Reprint all records below exactly. No images.

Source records
▬▬▬▬▬▬▬▬▬▬
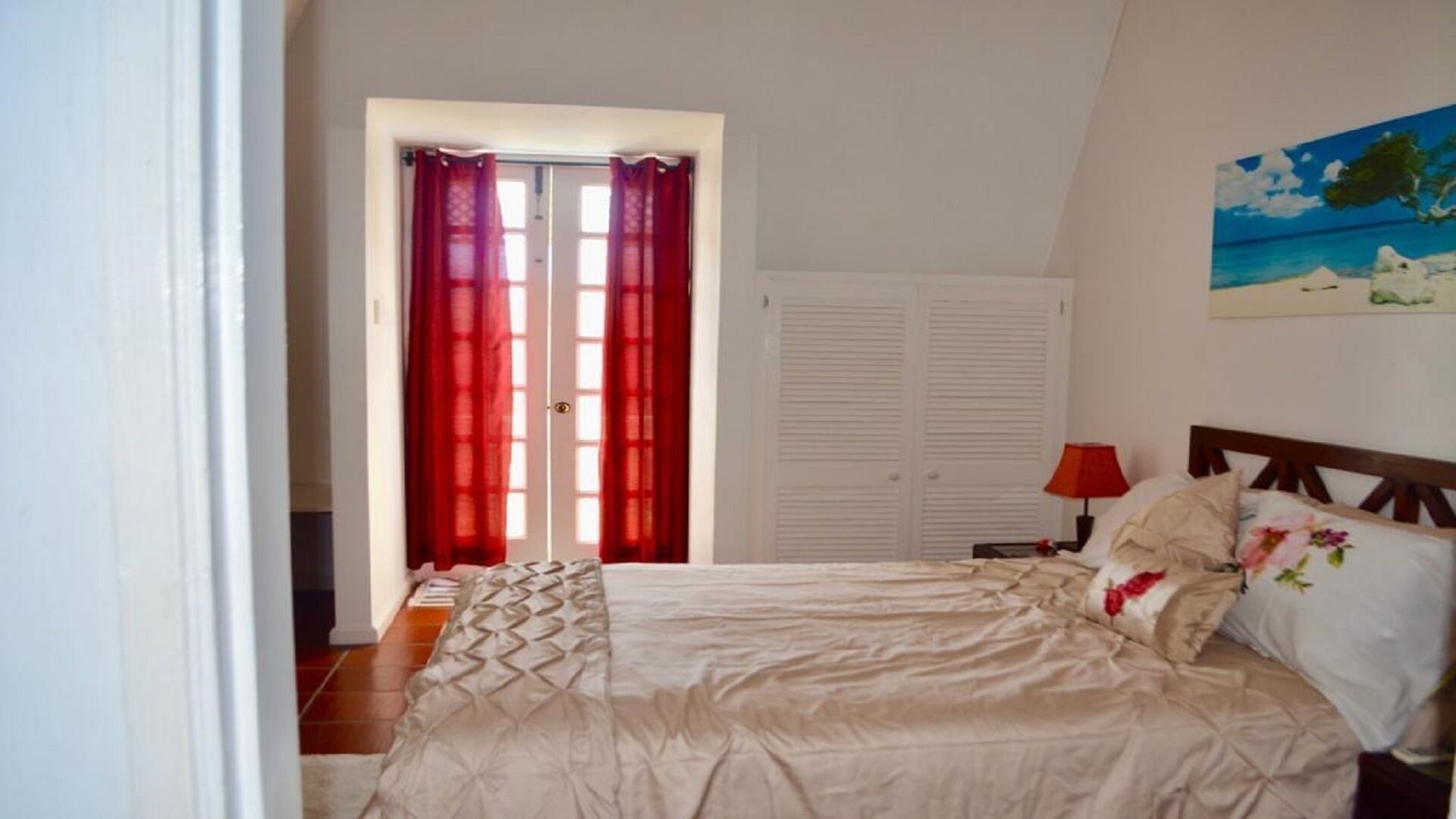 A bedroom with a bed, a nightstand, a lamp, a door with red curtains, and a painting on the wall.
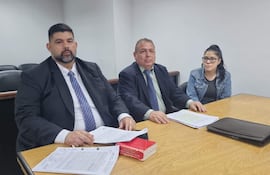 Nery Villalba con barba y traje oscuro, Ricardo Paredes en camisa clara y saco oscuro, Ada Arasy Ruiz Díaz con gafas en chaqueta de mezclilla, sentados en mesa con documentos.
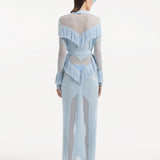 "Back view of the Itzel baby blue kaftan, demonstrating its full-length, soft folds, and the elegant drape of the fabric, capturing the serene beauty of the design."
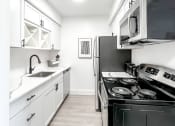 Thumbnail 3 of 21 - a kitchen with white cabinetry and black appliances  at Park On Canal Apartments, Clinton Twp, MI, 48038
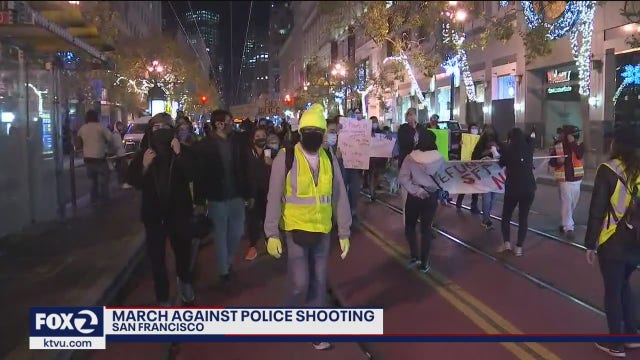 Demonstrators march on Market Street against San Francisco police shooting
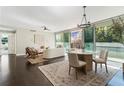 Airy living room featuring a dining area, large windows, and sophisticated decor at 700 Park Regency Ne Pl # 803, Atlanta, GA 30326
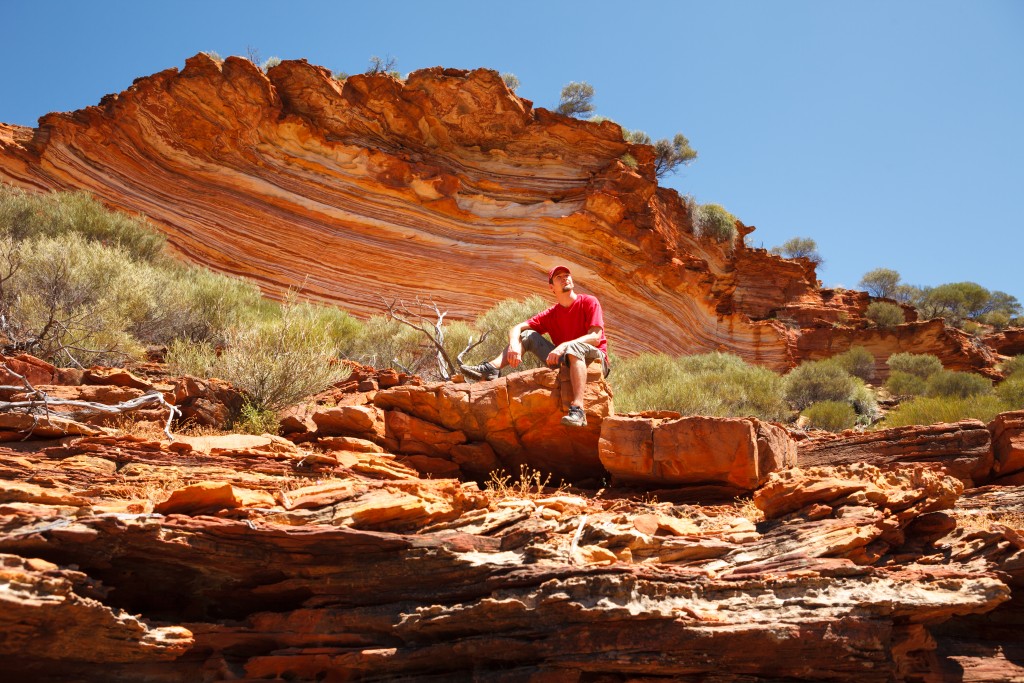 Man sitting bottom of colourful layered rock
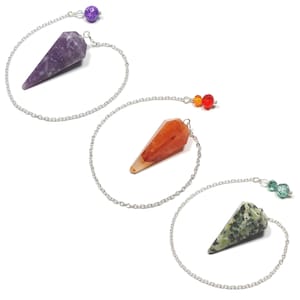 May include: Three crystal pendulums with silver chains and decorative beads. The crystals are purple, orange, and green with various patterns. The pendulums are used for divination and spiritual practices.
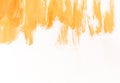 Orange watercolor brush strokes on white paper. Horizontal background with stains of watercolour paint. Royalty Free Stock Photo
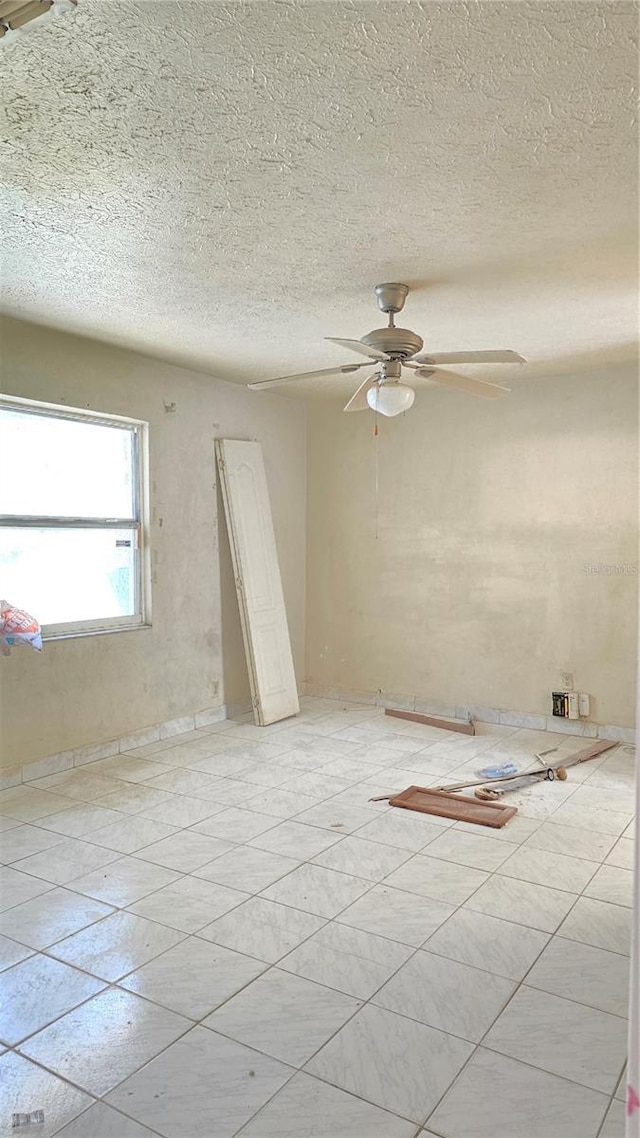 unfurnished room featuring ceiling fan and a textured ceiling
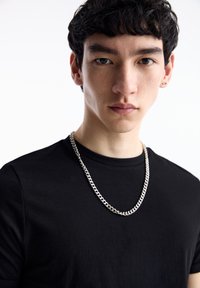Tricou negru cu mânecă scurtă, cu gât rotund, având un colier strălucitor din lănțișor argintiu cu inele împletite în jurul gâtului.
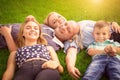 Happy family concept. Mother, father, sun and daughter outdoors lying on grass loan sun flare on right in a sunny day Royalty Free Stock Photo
▬▬▬▬▬▬▬▬▬▬
**SOLUTION:**
 A bedroom with a bed, a nightstand, a lamp, a door with red curtains, and a painting on the wall.
 Nery Villalba con barba y traje oscuro, Ricardo Paredes en camisa clara y saco oscuro, Ada Arasy Ruiz Díaz con gafas en chaqueta de mezclilla, sentados en mesa con documentos.
 "Back view of the Itzel baby blue kaftan, demonstrating its full-length, soft folds, and the elegant drape of the fabric, capturing the serene beauty of the design."
 Thumbnail 3 of 21 - a kitchen with white cabinetry and black appliances  at Park On Canal Apartments, Clinton Twp, MI, 48038
 Demonstrators march on Market Street against San Francisco police shooting
 Airy living room featuring a dining area, large windows, and sophisticated decor at 700 Park Regency Ne Pl # 803, Atlanta, GA 30326
 Man sitting bottom of colourful layered rock
 May include: Three crystal pendulums with silver chains and decorative beads. The crystals are purple, orange, and green with various patterns. The pendulums are used for divination and spiritual practices.
 Orange watercolor brush strokes on white paper. Horizontal background with stains of watercolour paint. Royalty Free Stock Photo
 unfurnished room featuring ceiling fan and a textured ceiling
Tricou negru cu mânecă scurtă, cu gât rotund, având un colier strălucitor din lănțișor argintiu cu inele împletite în jurul gâtului.
 Happy family concept. Mother, father, sun and daughter outdoors lying on grass loan sun flare on right in a sunny day Royalty Free Stock Photo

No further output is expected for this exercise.